Marriage counselors disclose that financial infidelity, more than sexual infidelity, is one of the leading causes of divorce in the United States.
While it may not seem like money problems are a spiritual issue, they are when secrecy and deception enter our relationship. It’s now a matter of the heart, as well as Biblical stewardship. The Bible calls all dishonesty sin. “Do not lie to one another,” Paul admonished in Colossians 3:9. This is true in all relationships, but especially in the “one-flesh relationship” of marriage. This oneness is built on trust and emotional, spiritual, and yes, even financial transparency.
Why would your husband or wife, someone who loves you deeply, be dishonest about money? CPA Emily Luk says, “Sometimes it’s about guilt or fear — worrying that their partner won’t approve of a certain purchase, or that an old financial mistake might scare them off. Other times, it’s a way to avoid conflict or keep the peace. They might think it’s easier to conceal credit card statements than to have a tough conversation.”

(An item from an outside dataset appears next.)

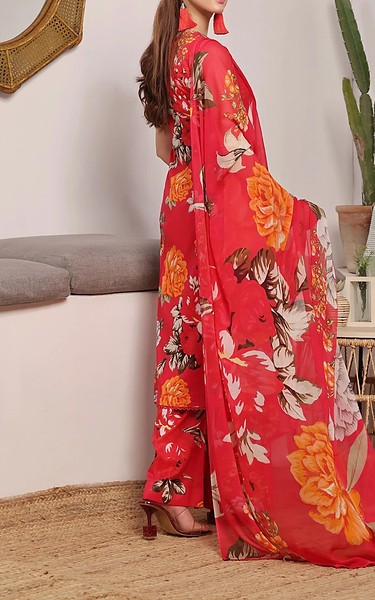Feathers Persian Red Lawn Suit | Pakistani Lawn Dress in USA- Image 2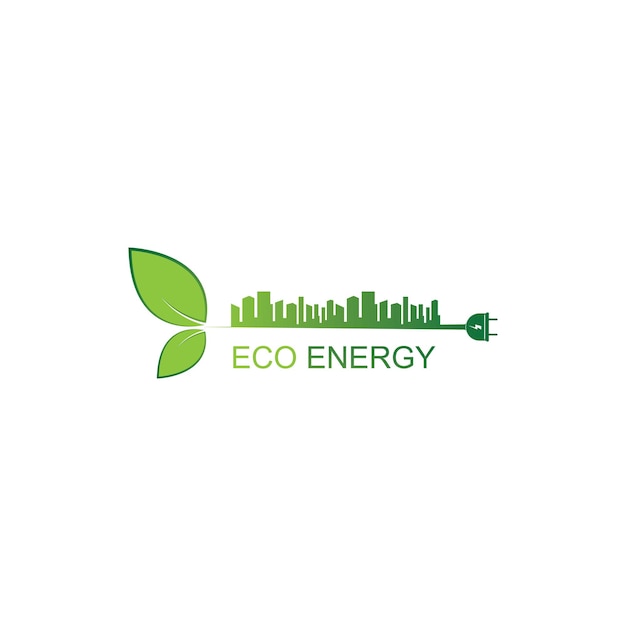 Eco Energia Logo Szablon Wektor Ikona Ilustracja Projekt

However, “there is no fear in love; but perfect love casts out fear” (1 Jn. 4:18). Furthermore, our relationship with Christ values honesty over deception, confession of wrongs to relieve guilt, and building trust instead of creating doubt. Love “rejoices with the truth,” not with “wrong doing,” or self-ambition.
Financial infidelity may be rooted in greed, which Jesus clearly condemns in Luke 12:15: “Take care, and be on your guard against all covetousness, for one’s life does not consist in the abundance of his possessions.” Greed can slowly but surely corrupt and finally destroy a marriage because it shifts the focus from “we” to “me.” It erodes trust and transparency. Replaces love with possessions. Breeds discontentment. Creates needless conflict. And weakens our spiritual fellowship.
It might help to remember that our money and all our possessions are neither his nor hers, but God’s. He’s the owner, and we are the managers. Faithful stewardship of money in our marriage can be a tremendous blessing. With it, we can provide for our families, support spiritual ministry, serve others, and help the less fortunate.
With money, as well as all other matters, let’s “speak the truth,” and “put away falsehood” (Eph 4:25).
To paraphrase Francis Bacon, be advised that “Money is a wonderful servant, but a terrible master.”